Salbert massif occupied an important position commanding the control of the area of lakes surrounding Malsaucy, the Route de Lure, Route de Giromagny and the Paris railway line. From its hilltop position, the fort was assisted in its mission by means of four batteries. The one right next to the fort, dating from 1875, still has shelters and open artillery platforms on it, which encircle the ruins of an optical telegraph station (message transmission using light signals).

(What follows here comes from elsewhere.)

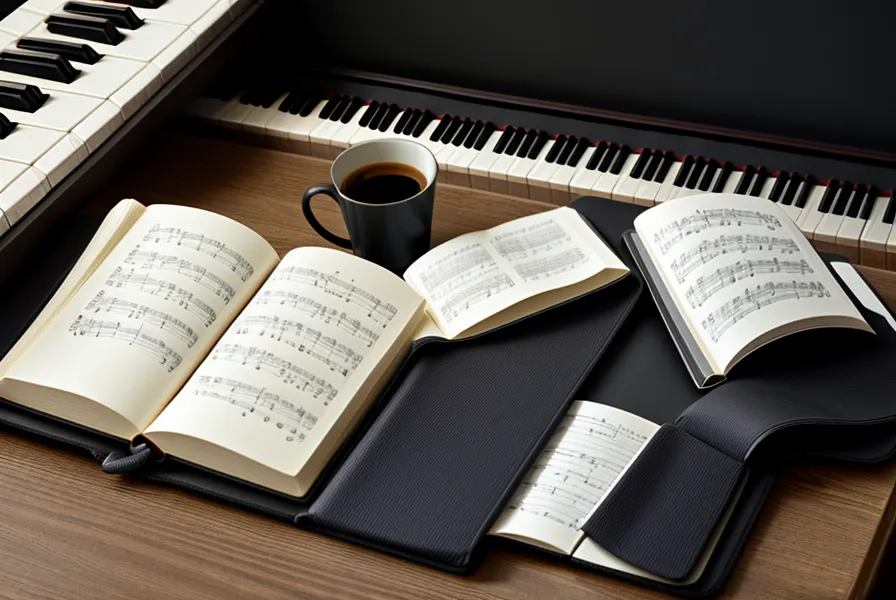 Hombre de 48 años practicando piano con postura correcta tras su jornada laboral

Named after General Lefebvre, Salbert fort, built between 1874 and 1877, for close to 500 men and 44 pieces of artillery, was equipped with artillery platforms on the ramparts surrounding the ditch as well as above the central garrison (cavalry-type fort). Suffering from a lack of credit, this fort was never modernized, even though it was already outdated by 1885. Just a handful of reinforcements were made in 1914. Between 1953 and 1957 an important radar station was built at Salbert, using to a large extent the former fortifications: the fort was used for barracks while the large underground premises housed technical installations, and the operation headquarters for air defence was located in a former underground shelter (the two entrance doors can be seen from the access road to the fort). In view of this change of role, the fort lost some of its original appearance; in particuliar, the cavalier (raised platform) on the central garrison, which was demolished and replaced with a terrace. These air-defence installations were only in operation for a short time.The metal aerials which poked up on the top of the hill have since been cut off but their concrete bases are still visible in a number of places around the fort and in its vicinity.